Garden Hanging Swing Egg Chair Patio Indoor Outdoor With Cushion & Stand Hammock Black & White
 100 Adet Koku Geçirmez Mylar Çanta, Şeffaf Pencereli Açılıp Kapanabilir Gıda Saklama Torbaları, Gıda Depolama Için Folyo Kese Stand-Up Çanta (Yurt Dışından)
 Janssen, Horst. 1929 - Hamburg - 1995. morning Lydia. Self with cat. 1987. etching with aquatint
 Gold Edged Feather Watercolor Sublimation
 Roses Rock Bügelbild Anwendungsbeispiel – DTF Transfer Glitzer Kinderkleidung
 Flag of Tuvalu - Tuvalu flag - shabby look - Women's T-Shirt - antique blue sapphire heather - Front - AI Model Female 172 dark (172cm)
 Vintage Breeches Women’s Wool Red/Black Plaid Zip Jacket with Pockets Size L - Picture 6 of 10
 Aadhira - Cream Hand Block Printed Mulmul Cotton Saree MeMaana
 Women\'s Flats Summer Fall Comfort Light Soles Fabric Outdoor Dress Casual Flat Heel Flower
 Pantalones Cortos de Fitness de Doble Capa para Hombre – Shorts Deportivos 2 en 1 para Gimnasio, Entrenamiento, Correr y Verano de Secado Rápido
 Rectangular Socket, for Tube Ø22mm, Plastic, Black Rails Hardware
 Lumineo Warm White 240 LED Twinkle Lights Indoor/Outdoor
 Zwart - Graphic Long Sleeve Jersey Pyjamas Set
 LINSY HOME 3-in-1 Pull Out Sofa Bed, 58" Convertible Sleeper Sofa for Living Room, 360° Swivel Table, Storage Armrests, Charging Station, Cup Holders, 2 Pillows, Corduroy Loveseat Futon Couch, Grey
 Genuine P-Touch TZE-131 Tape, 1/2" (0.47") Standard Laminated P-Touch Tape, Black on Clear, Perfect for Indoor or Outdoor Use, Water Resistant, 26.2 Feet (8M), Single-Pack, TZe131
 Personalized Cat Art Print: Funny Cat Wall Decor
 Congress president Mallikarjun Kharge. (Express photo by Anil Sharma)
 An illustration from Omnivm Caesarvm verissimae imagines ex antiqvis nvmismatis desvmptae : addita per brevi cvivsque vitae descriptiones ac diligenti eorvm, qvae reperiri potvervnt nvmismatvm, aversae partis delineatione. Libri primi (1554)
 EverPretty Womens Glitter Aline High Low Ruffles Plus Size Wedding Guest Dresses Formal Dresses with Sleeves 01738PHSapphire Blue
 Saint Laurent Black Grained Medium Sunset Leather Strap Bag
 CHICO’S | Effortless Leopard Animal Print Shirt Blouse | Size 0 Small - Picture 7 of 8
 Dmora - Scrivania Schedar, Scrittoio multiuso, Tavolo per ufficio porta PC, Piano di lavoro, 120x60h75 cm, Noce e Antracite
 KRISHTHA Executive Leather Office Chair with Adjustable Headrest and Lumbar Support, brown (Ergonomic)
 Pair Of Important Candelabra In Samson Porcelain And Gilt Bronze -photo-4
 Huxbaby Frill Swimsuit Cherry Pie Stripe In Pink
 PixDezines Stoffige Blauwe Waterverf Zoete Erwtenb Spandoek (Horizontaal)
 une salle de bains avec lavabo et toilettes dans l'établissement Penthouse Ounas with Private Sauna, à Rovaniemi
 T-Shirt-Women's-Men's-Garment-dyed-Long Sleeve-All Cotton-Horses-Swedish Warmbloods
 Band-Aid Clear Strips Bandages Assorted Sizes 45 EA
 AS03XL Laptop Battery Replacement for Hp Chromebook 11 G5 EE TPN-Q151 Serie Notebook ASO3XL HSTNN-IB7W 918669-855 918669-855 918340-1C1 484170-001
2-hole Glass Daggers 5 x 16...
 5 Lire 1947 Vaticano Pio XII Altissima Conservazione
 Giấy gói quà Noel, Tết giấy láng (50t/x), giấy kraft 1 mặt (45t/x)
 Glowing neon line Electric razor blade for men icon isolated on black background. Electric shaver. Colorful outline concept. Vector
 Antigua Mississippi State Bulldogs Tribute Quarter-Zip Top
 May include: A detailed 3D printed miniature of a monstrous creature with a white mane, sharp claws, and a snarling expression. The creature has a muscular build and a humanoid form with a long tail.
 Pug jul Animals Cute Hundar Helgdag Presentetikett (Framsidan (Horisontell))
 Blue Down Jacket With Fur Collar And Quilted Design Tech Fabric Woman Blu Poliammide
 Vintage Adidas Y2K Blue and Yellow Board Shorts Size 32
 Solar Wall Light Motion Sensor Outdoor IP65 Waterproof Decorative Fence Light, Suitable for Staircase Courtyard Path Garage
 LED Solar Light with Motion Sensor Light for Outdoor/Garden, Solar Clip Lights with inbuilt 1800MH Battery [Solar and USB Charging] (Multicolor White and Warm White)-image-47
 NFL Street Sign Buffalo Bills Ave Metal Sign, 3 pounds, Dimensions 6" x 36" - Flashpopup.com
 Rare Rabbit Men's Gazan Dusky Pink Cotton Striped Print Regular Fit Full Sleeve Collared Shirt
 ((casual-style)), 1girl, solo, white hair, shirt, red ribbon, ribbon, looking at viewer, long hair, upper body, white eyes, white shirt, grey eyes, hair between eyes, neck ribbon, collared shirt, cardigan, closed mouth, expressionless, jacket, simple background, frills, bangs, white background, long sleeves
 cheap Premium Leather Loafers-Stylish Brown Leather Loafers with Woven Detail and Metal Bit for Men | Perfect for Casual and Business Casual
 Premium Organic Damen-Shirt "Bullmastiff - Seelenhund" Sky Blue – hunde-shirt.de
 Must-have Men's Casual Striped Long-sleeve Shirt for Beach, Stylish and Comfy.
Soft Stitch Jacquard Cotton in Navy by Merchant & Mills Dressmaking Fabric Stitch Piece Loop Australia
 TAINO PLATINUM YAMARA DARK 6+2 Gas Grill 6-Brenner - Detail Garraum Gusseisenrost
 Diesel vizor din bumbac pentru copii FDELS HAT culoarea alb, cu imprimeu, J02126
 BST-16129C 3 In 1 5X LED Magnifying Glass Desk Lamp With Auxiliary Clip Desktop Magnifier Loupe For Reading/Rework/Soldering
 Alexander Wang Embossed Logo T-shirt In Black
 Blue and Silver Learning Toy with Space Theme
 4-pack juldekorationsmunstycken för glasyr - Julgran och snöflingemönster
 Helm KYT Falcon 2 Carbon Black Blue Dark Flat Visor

++++++++++

What you will do: The answer must reproduce every record exactly.

Solution to the problem:
Garden Hanging Swing Egg Chair Patio Indoor Outdoor With Cushion & Stand Hammock Black & White
 100 Adet Koku Geçirmez Mylar Çanta, Şeffaf Pencereli Açılıp Kapanabilir Gıda Saklama Torbaları, Gıda Depolama Için Folyo Kese Stand-Up Çanta (Yurt Dışından)
 Janssen, Horst. 1929 - Hamburg - 1995. morning Lydia. Self with cat. 1987. etching with aquatint
 Gold Edged Feather Watercolor Sublimation
 Roses Rock Bügelbild Anwendungsbeispiel – DTF Transfer Glitzer Kinderkleidung
 Flag of Tuvalu - Tuvalu flag - shabby look - Women's T-Shirt - antique blue sapphire heather - Front - AI Model Female 172 dark (172cm)
 Vintage Breeches Women’s Wool Red/Black Plaid Zip Jacket with Pockets Size L - Picture 6 of 10
 Aadhira - Cream Hand Block Printed Mulmul Cotton Saree MeMaana
 Women\'s Flats Summer Fall Comfort Light Soles Fabric Outdoor Dress Casual Flat Heel Flower
 Pantalones Cortos de Fitness de Doble Capa para Hombre – Shorts Deportivos 2 en 1 para Gimnasio, Entrenamiento, Correr y Verano de Secado Rápido
 Rectangular Socket, for Tube Ø22mm, Plastic, Black Rails Hardware
 Lumineo Warm White 240 LED Twinkle Lights Indoor/Outdoor
 Zwart - Graphic Long Sleeve Jersey Pyjamas Set
 LINSY HOME 3-in-1 Pull Out Sofa Bed, 58" Convertible Sleeper Sofa for Living Room, 360° Swivel Table, Storage Armrests, Charging Station, Cup Holders, 2 Pillows, Corduroy Loveseat Futon Couch, Grey
 Genuine P-Touch TZE-131 Tape, 1/2" (0.47") Standard Laminated P-Touch Tape, Black on Clear, Perfect for Indoor or Outdoor Use, Water Resistant, 26.2 Feet (8M), Single-Pack, TZe131
 Personalized Cat Art Print: Funny Cat Wall Decor
 Congress president Mallikarjun Kharge. (Express photo by Anil Sharma)
 An illustration from Omnivm Caesarvm verissimae imagines ex antiqvis nvmismatis desvmptae : addita per brevi cvivsque vitae descriptiones ac diligenti eorvm, qvae reperiri potvervnt nvmismatvm, aversae partis delineatione. Libri primi (1554)
 EverPretty Womens Glitter Aline High Low Ruffles Plus Size Wedding Guest Dresses Formal Dresses with Sleeves 01738PHSapphire Blue
 Saint Laurent Black Grained Medium Sunset Leather Strap Bag
 CHICO’S | Effortless Leopard Animal Print Shirt Blouse | Size 0 Small - Picture 7 of 8
 Dmora - Scrivania Schedar, Scrittoio multiuso, Tavolo per ufficio porta PC, Piano di lavoro, 120x60h75 cm, Noce e Antracite
 KRISHTHA Executive Leather Office Chair with Adjustable Headrest and Lumbar Support, brown (Ergonomic)
 Pair Of Important Candelabra In Samson Porcelain And Gilt Bronze -photo-4
 Huxbaby Frill Swimsuit Cherry Pie Stripe In Pink
 PixDezines Stoffige Blauwe Waterverf Zoete Erwtenb Spandoek (Horizontaal)
 une salle de bains avec lavabo et toilettes dans l'établissement Penthouse Ounas with Private Sauna, à Rovaniemi
 T-Shirt-Women's-Men's-Garment-dyed-Long Sleeve-All Cotton-Horses-Swedish Warmbloods
 Band-Aid Clear Strips Bandages Assorted Sizes 45 EA
 AS03XL Laptop Battery Replacement for Hp Chromebook 11 G5 EE TPN-Q151 Serie Notebook ASO3XL HSTNN-IB7W 918669-855 918669-855 918340-1C1 484170-001
2-hole Glass Daggers 5 x 16...
 5 Lire 1947 Vaticano Pio XII Altissima Conservazione
 Giấy gói quà Noel, Tết giấy láng (50t/x), giấy kraft 1 mặt (45t/x)
 Glowing neon line Electric razor blade for men icon isolated on black background. Electric shaver. Colorful outline concept. Vector
 Antigua Mississippi State Bulldogs Tribute Quarter-Zip Top
 May include: A detailed 3D printed miniature of a monstrous creature with a white mane, sharp claws, and a snarling expression. The creature has a muscular build and a humanoid form with a long tail.
 Pug jul Animals Cute Hundar Helgdag Presentetikett (Framsidan (Horisontell))
 Blue Down Jacket With Fur Collar And Quilted Design Tech Fabric Woman Blu Poliammide
 Vintage Adidas Y2K Blue and Yellow Board Shorts Size 32
 Solar Wall Light Motion Sensor Outdoor IP65 Waterproof Decorative Fence Light, Suitable for Staircase Courtyard Path Garage
 LED Solar Light with Motion Sensor Light for Outdoor/Garden, Solar Clip Lights with inbuilt 1800MH Battery [Solar and USB Charging] (Multicolor White and Warm White)-image-47
 NFL Street Sign Buffalo Bills Ave Metal Sign, 3 pounds, Dimensions 6" x 36" - Flashpopup.com
 Rare Rabbit Men's Gazan Dusky Pink Cotton Striped Print Regular Fit Full Sleeve Collared Shirt
 ((casual-style)), 1girl, solo, white hair, shirt, red ribbon, ribbon, looking at viewer, long hair, upper body, white eyes, white shirt, grey eyes, hair between eyes, neck ribbon, collared shirt, cardigan, closed mouth, expressionless, jacket, simple background, frills, bangs, white background, long sleeves
 cheap Premium Leather Loafers-Stylish Brown Leather Loafers with Woven Detail and Metal Bit for Men | Perfect for Casual and Business Casual
 Premium Organic Damen-Shirt "Bullmastiff - Seelenhund" Sky Blue – hunde-shirt.de
 Must-have Men's Casual Striped Long-sleeve Shirt for Beach, Stylish and Comfy.
Soft Stitch Jacquard Cotton in Navy by Merchant & Mills Dressmaking Fabric Stitch Piece Loop Australia
 TAINO PLATINUM YAMARA DARK 6+2 Gas Grill 6-Brenner - Detail Garraum Gusseisenrost
 Diesel vizor din bumbac pentru copii FDELS HAT culoarea alb, cu imprimeu, J02126
 BST-16129C 3 In 1 5X LED Magnifying Glass Desk Lamp With Auxiliary Clip Desktop Magnifier Loupe For Reading/Rework/Soldering
 Alexander Wang Embossed Logo T-shirt In Black
 Blue and Silver Learning Toy with Space Theme
 4-pack juldekorationsmunstycken för glasyr - Julgran och snöflingemönster
 Helm KYT Falcon 2 Carbon Black Blue Dark Flat Visor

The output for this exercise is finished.